日本の標準語では現在進行形と現在完了形の差異を表現することが難しい場合がある。「雪が降っている」。これでは今まさに雪が降っているのか、朝起きたら雪が積もっていたのか分からない。もちろん、後者は「雪が降っていた」などと別の表現を使用することもあるが、会話などで出る言葉としては、やはり、「雪が降っている」というのが一般的だろう。ところが、方言となるとこのあたりの表現は明確で、使い分けられている。私の地元の場合、現在進行形を「雪の降いよっ」と、現在完了形を「雪の降っとっ」と言って使い分ける。ともに「の」は文法的には主格の助詞であり、普通に言えば「が」に置き換えられる。
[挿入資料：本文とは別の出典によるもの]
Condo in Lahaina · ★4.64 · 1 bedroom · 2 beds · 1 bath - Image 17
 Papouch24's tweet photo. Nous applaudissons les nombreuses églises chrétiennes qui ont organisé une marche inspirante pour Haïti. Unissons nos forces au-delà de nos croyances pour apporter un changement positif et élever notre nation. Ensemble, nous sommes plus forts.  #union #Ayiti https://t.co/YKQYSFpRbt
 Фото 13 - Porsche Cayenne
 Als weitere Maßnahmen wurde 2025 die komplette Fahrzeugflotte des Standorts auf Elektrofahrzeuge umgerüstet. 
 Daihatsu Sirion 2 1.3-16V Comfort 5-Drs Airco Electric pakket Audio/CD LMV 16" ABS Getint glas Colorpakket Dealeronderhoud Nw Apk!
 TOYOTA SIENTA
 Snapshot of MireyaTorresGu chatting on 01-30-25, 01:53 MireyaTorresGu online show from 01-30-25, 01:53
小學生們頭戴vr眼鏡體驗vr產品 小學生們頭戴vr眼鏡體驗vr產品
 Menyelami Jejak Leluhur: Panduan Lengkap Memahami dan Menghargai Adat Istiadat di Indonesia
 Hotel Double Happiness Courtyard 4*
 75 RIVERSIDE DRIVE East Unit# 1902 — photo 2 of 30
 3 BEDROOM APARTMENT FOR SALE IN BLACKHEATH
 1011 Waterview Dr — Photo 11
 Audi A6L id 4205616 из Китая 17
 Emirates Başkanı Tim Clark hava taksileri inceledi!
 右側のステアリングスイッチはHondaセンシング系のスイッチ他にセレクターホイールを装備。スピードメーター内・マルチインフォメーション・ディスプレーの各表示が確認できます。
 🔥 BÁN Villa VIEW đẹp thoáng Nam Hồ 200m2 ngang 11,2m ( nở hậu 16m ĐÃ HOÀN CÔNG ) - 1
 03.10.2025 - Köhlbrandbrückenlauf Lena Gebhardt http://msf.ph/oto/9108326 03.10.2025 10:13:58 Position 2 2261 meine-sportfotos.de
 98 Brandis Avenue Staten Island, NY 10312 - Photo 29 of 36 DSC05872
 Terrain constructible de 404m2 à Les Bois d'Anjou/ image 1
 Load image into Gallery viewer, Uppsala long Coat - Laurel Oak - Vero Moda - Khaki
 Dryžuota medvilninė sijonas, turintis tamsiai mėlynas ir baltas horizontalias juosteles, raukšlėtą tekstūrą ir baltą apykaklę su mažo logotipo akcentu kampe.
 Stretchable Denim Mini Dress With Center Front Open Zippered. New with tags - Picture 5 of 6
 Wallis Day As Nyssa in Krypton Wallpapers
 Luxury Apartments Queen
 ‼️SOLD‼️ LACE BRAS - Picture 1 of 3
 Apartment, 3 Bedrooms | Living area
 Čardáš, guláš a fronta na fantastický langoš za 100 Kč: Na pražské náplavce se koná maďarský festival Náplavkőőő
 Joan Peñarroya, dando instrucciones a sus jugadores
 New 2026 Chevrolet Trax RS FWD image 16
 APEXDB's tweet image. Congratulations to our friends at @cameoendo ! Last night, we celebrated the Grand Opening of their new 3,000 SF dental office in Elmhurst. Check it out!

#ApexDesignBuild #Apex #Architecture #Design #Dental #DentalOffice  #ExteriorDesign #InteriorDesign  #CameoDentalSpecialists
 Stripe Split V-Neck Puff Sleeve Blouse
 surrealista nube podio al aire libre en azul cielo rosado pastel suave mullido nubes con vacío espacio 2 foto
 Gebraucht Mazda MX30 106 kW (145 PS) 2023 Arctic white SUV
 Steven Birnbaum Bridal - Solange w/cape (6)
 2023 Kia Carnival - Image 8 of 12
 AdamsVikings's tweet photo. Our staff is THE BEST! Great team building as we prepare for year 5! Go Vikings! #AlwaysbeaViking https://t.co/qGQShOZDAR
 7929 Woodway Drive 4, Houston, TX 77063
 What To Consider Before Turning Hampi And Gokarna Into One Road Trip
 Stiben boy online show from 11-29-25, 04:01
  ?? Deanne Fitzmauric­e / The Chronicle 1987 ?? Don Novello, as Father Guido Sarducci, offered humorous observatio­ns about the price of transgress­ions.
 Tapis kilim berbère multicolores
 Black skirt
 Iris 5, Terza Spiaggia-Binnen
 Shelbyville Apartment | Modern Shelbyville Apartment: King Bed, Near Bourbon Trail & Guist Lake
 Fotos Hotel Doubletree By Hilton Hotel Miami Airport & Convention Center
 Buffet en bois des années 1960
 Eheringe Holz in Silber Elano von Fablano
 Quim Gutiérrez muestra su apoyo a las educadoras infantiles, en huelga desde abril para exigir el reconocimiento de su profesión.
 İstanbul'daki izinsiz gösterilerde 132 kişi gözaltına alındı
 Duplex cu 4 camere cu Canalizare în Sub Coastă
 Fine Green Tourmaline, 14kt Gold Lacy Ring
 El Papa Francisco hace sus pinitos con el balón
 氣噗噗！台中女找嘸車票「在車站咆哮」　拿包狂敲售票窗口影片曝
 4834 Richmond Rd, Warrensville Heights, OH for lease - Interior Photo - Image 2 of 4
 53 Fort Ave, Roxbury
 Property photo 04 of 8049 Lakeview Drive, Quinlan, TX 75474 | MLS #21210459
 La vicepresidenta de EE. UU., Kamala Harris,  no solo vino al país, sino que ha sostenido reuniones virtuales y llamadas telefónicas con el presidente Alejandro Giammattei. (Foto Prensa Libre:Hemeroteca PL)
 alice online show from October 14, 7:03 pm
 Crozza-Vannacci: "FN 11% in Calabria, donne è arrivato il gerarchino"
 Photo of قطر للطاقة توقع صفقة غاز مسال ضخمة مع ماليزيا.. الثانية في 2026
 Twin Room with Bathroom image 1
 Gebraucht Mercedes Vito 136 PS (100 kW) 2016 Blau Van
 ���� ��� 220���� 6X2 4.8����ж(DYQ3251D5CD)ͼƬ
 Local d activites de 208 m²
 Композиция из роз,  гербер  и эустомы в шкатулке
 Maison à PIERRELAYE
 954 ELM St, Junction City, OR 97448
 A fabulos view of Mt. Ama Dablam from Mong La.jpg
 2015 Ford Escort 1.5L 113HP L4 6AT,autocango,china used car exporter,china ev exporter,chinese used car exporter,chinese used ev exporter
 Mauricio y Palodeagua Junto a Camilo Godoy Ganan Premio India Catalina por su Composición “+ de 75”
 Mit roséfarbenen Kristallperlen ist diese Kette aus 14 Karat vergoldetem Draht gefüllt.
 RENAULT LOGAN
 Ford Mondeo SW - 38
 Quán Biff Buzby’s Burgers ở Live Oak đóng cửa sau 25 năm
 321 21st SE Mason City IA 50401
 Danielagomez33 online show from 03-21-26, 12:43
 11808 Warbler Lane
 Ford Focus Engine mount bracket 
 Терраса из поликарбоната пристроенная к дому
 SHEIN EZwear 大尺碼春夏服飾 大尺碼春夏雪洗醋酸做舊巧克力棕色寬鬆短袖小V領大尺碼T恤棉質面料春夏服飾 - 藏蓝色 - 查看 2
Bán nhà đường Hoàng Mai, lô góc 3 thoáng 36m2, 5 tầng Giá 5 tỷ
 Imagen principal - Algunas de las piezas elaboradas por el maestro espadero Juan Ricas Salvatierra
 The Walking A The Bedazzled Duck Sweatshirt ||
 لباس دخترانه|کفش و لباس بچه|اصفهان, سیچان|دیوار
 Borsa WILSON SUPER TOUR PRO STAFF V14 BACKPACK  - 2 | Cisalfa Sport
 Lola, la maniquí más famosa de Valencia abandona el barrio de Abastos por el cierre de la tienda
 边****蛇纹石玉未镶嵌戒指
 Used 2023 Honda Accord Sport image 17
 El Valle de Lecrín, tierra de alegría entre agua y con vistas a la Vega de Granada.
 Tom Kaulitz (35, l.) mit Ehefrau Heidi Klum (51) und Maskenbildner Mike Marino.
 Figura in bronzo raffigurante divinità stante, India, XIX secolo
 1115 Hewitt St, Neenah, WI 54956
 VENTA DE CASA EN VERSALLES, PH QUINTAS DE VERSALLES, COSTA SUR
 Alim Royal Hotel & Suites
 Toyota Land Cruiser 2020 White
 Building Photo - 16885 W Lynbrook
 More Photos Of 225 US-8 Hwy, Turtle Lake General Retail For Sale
ただ、これだけの言葉があるにもかかわらず、いかんせん九州のため、雪が降ることは少なく、あまりこれらの言葉を使用する機会はない。

 私の地元では、ぶらぶらと歩くことを「さるく」と言う。もし、お見合いの席か何かで「このあたりを歩きませんか?」というのは「この辺、さるきません(か)?」となる。これを東京で使ってみよう。すると相手には「この辺に猿は来ませんか?」と聞こえているだろう。よって、「この辺に猿は来ません」と答えるはずだ。ちょっと前なら「麻布あたりなら来ますよ」となったかもしれない。

 そう言えば、先頃麻布近辺に出没し、ついに捕獲された猿に関して、巷であれは「ソニーの陰謀」という噂が流れたらしい。